I wasn't running away. I was taking an extended vacation.

I could think things through without a deadly organization looming over me. Decide what I wanted to do.

First I had to shake S.H.I.E.L.D. off my tail.

Quickly, I sprung into action. I opened the back hatch of the plane. The wind whipped my hair as I stood, paused, looking out at the city below me.

It was beautiful, in a strange way. Humanity and its evolutions at best. We grew so much. We, as a race, came so far.

But there was no time to waste. I tied a heavy storage bin filled with mission equipment to a spare parachute, and with the string already pulled, threw it out the back of the plane. The box floated down to the city below, but I couldn't spare time to watch. I took control of the plane, and began to descend low over the city, dangerously low, especially if you're an inexperienced pilot, much like me.

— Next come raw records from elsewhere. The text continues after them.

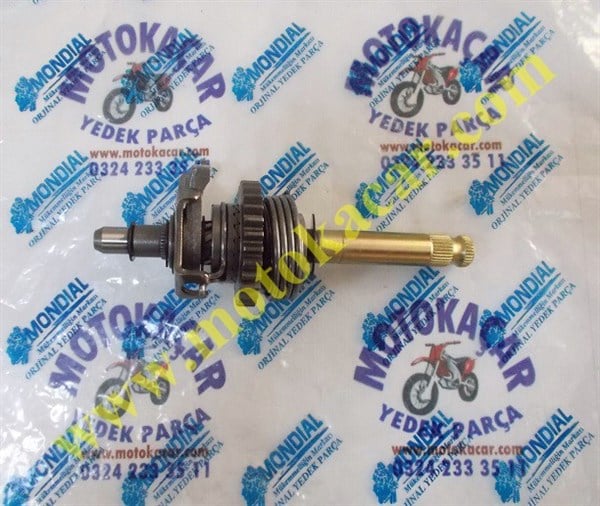 MONDİAL MG CLASSİC MARŞ DİŞLİSİ KOMPLE ORJİNAL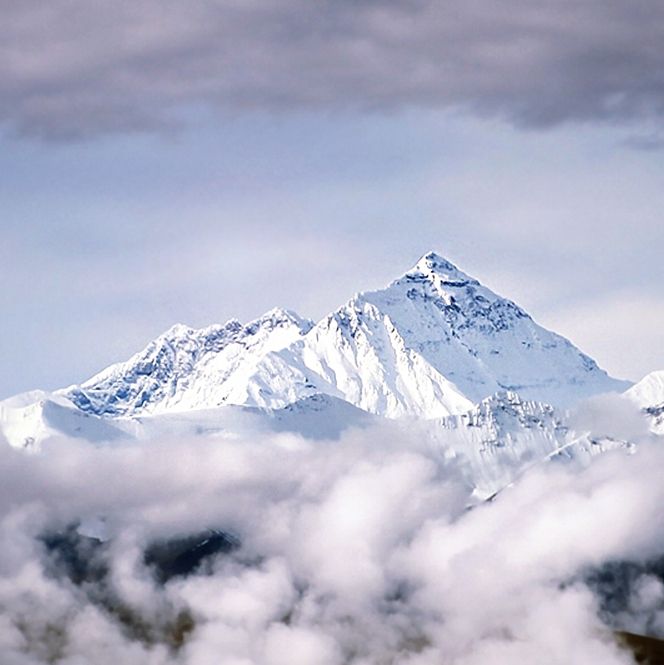 Las montañas más altas del mundo: el porqué de su nombre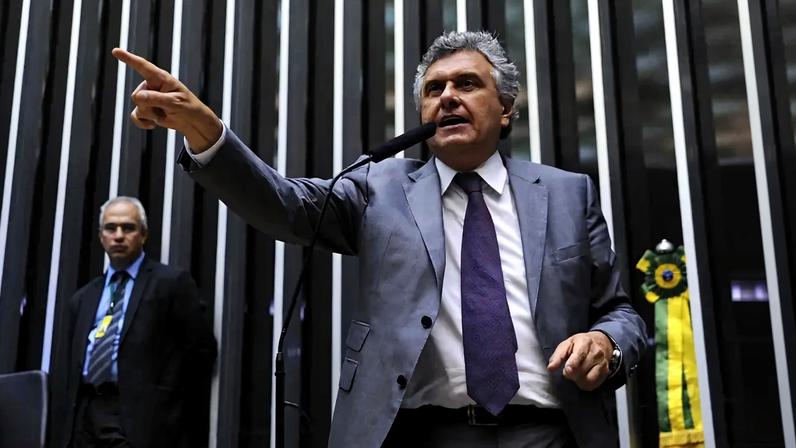 Caiado aposta na experiência no retorno ao pleito presidencial, depois de vencer eleições ao Congresso e ao governo goiano. (Foto: Luis Macedo/Câmara dos Deputados)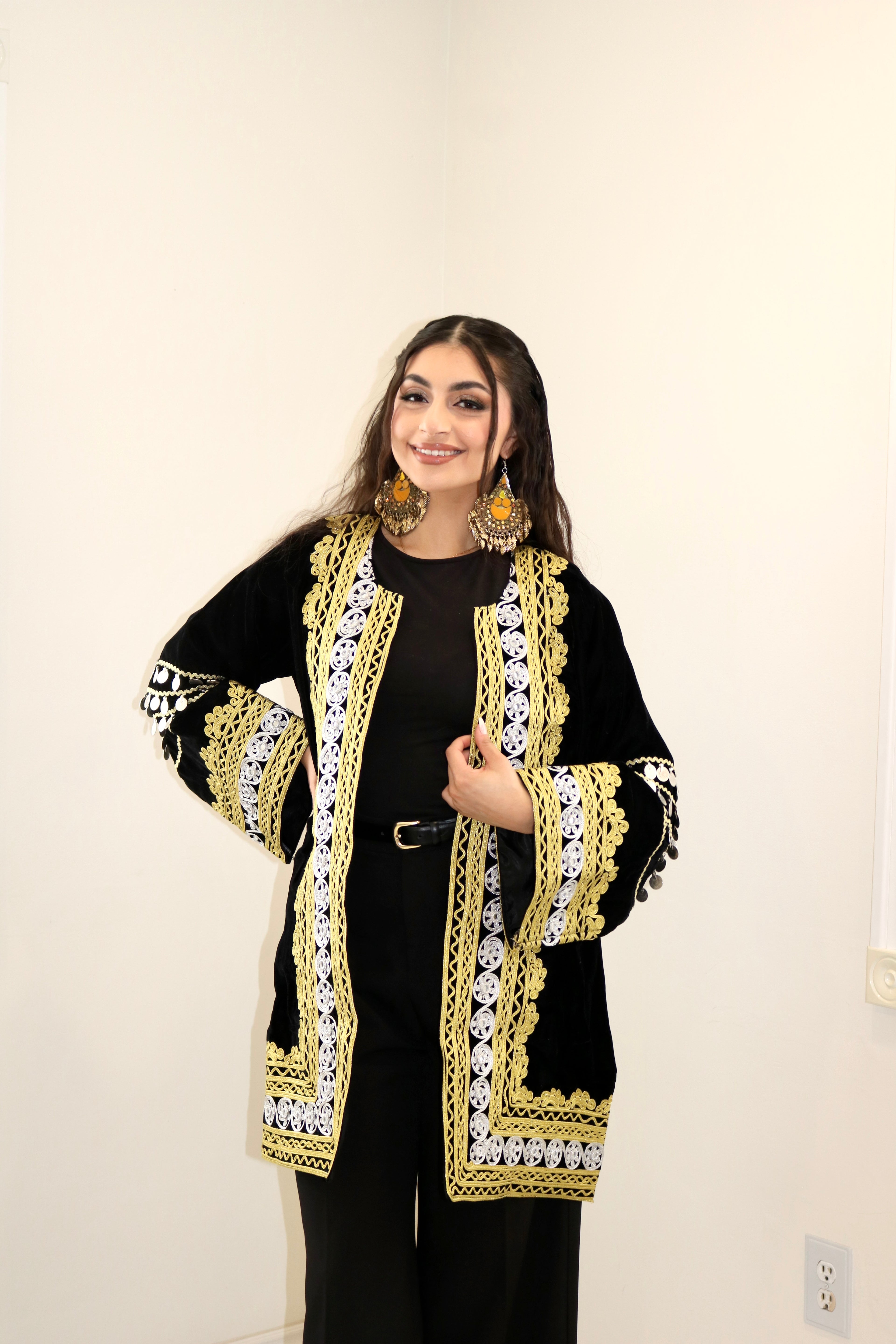 Afghan Chapan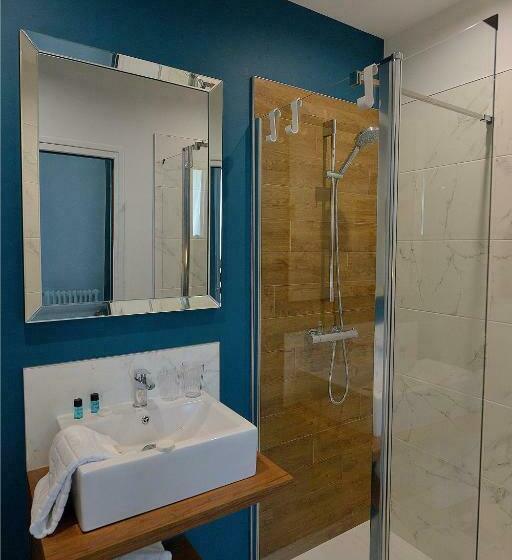 スタンダードルーム, Hôtel Le Tiburon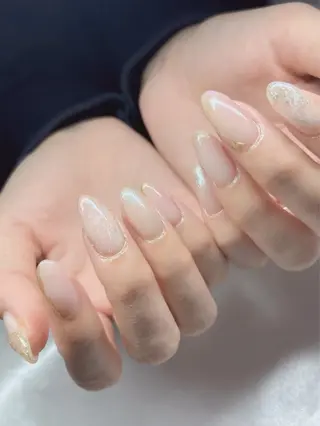ネイル HandS ネイル 自宅サロンのネイルデザイン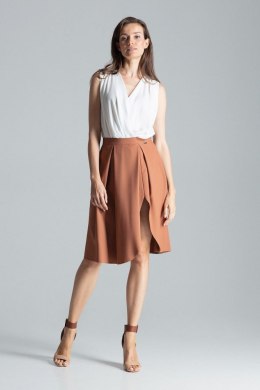 Spódnica Model M675 Brown - Figl - M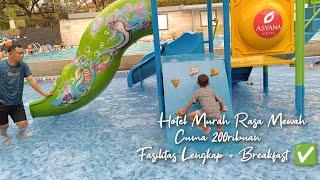 Hotel murah rasa mewah cuma 200ribuan‼️Asyana Hotel Sentul Bogor  Hotel Baru & Paling RECOMENDED 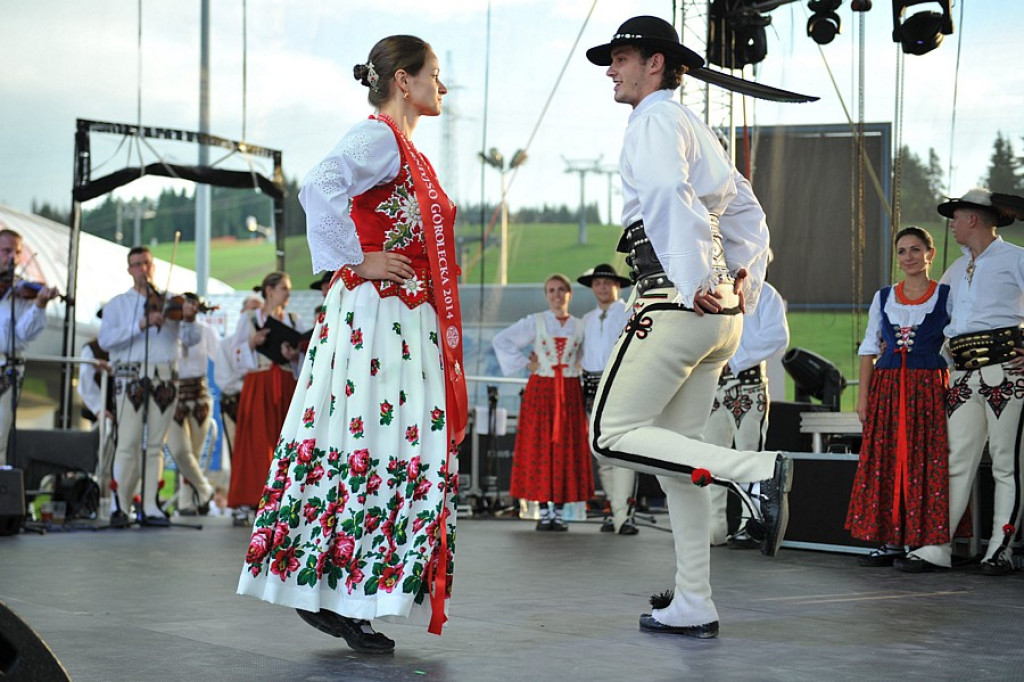 Festyn Białczański: Ceper i Ceperka oraz Harnaś Roku 2014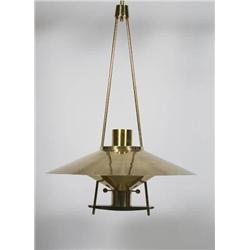 Paul László Ceiling Fixture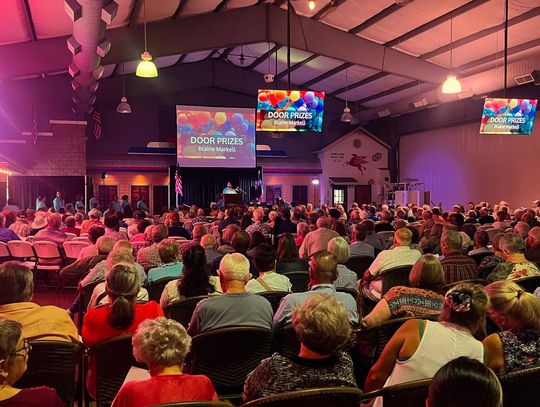 Central Texas Electric Cooperative Holds 2025 Annual Meeting in Fredericksburg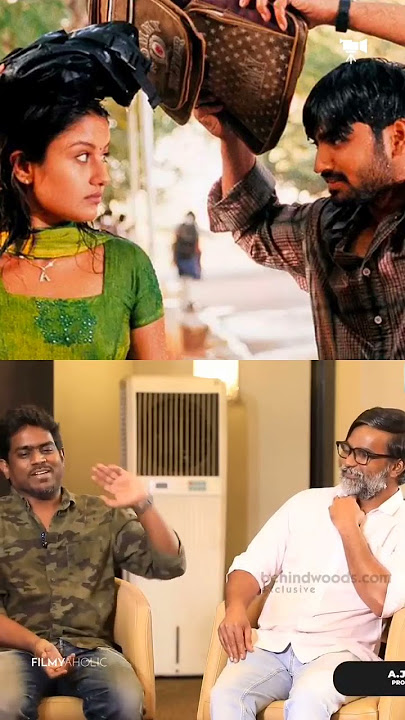 U1 About 7G Rainbow Colony and Selvaraghavan♥️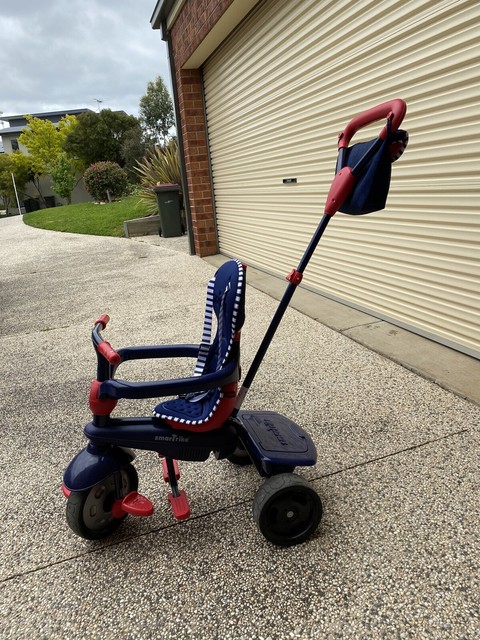 smart trike gumtree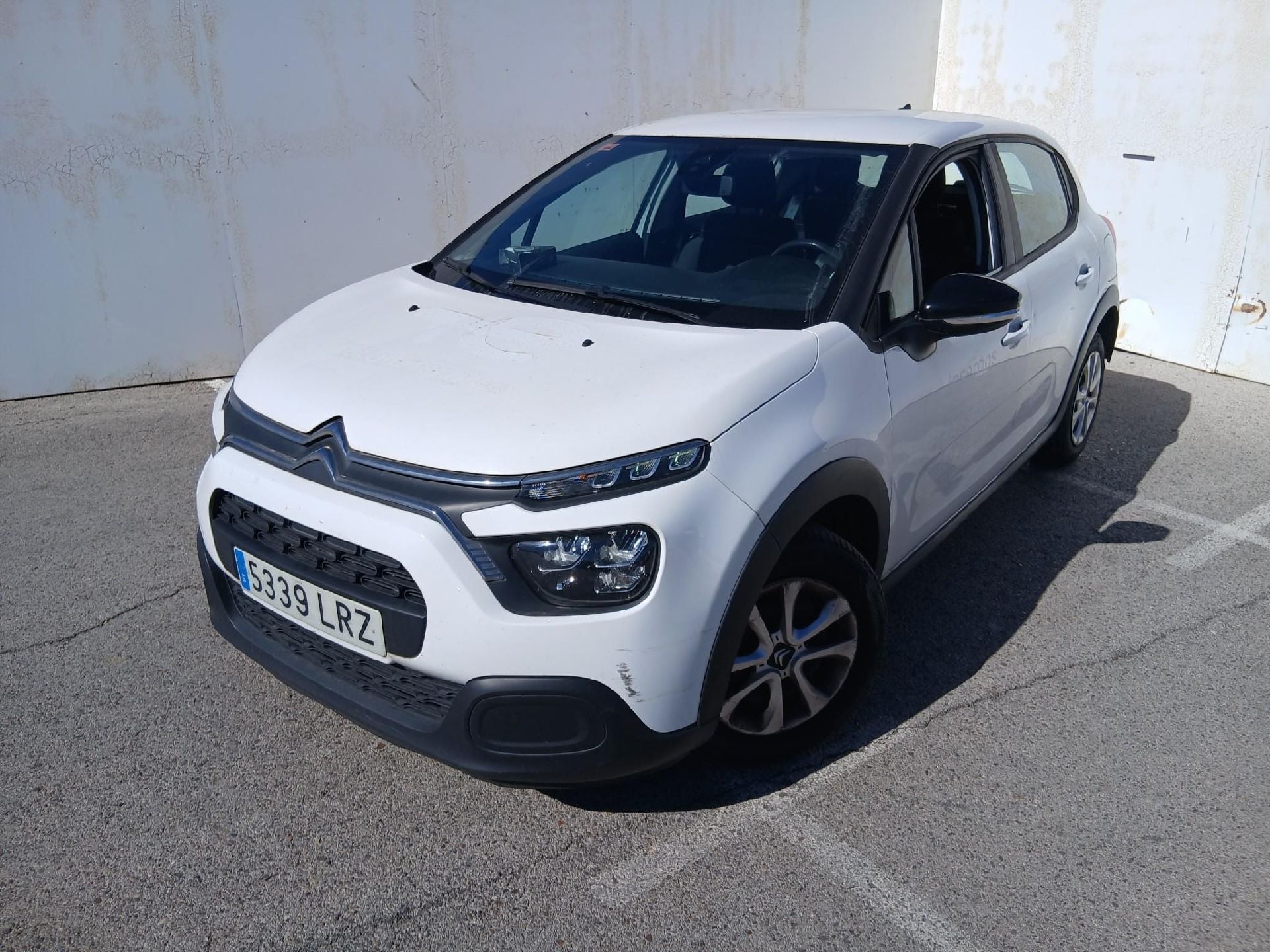 CITROEN C3 / 2020 / 5P / berlina con portón BlueHDi 75KW (100CV) S&S Live Pack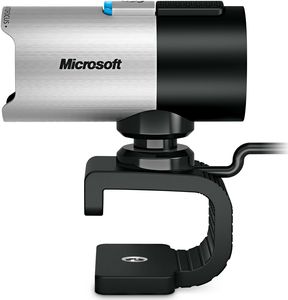 Microsoft LifeCam Studio schwarz/silber (item no. 90402583) - Picture #3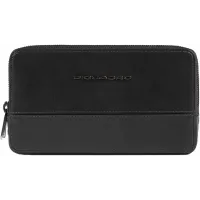 Клатч мужской Piquadro Philip AC2141W136R/N черный натур.кожа Клатч мужской Piquadro Philip AC2141W136R/N черный натур.кожа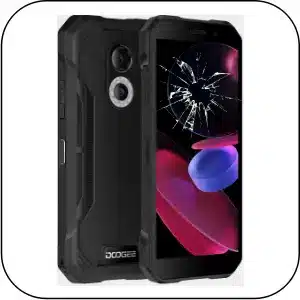 Doogee S51 arreglar pantalla rota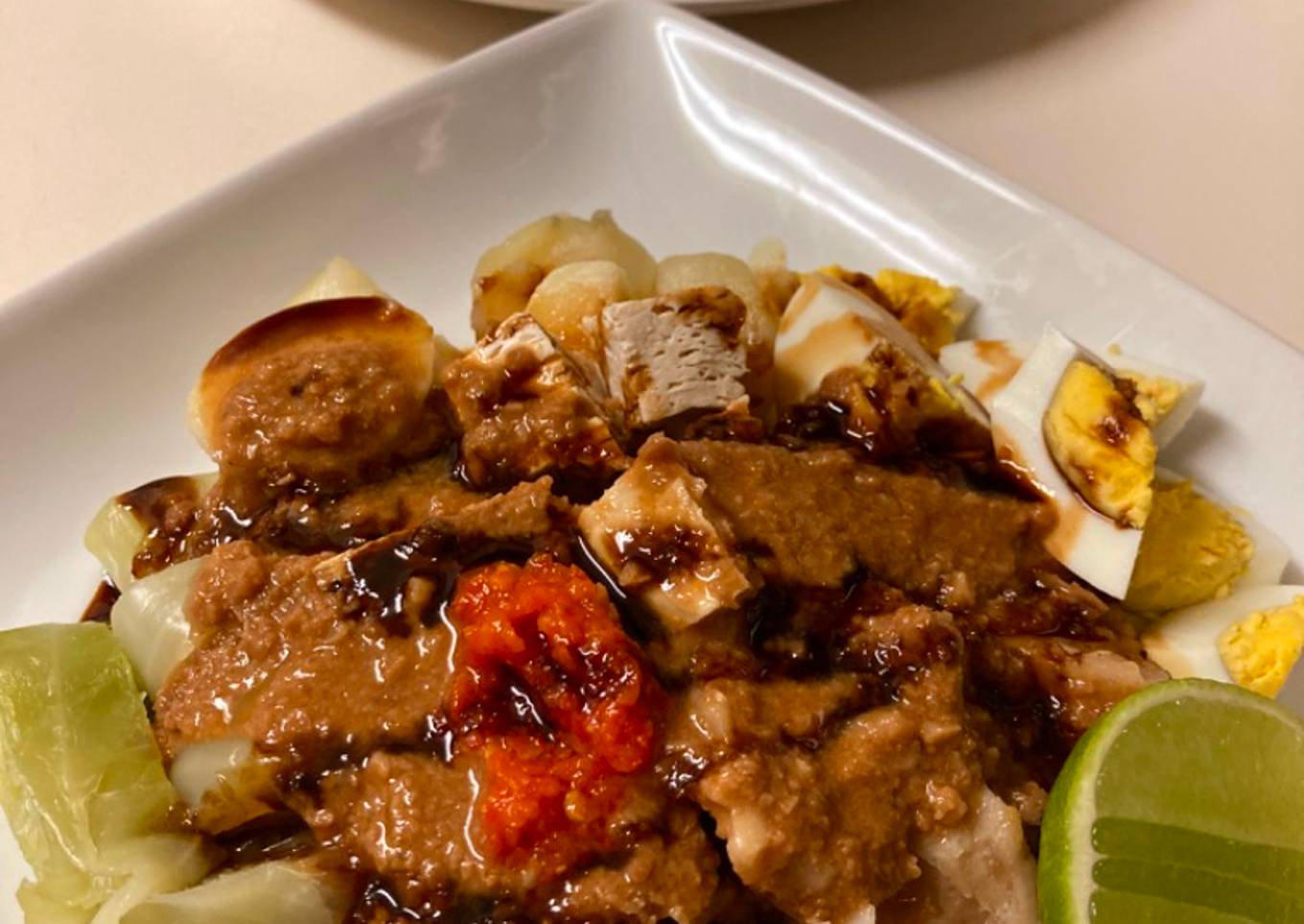 Siomay Bandung/Indonesian Shumai
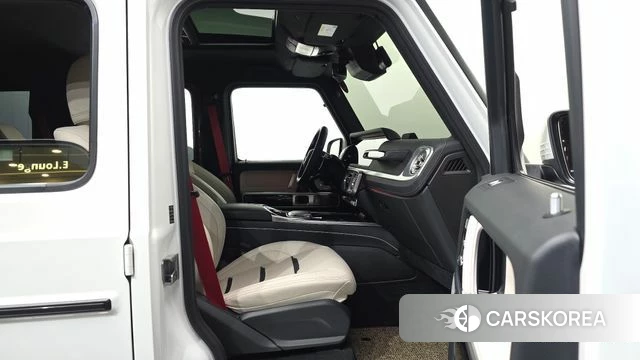 Mercedes-Benz G-Class W465 2025 Белый из Кореи, фото 2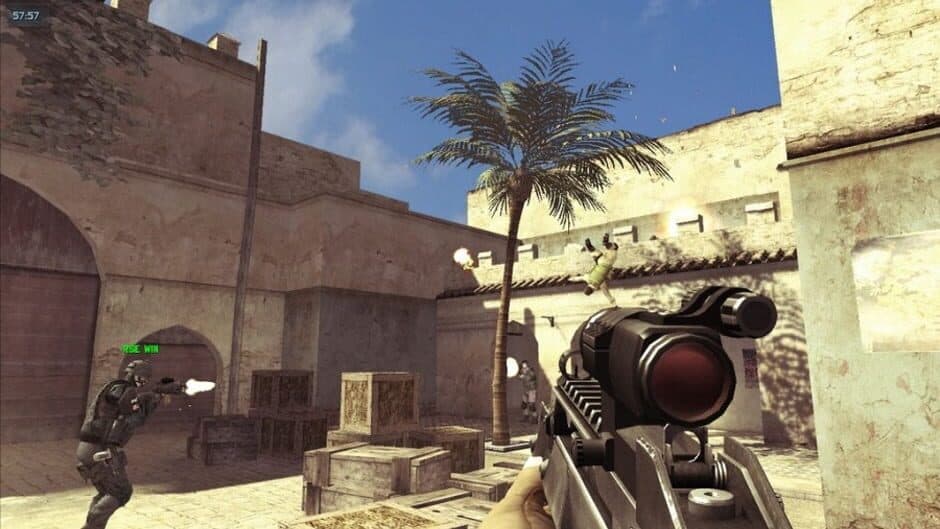 Tom Clancy's Rainbow Six: Lockdown screenshot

With the plane still barely above the skyscrapers, I reset autopilot to the quinjet. I stashed the gun in the hard plastic box marked "First Aid", made sure it was tight in my grip, and without hesitation, ran out the door of a moving plane with only a building 30 feet below.

Undoubtedly, I had broken some bones, but the tuck and roll helped. It was still agony for a few moments as I lay on my back and tried not to scream aloud.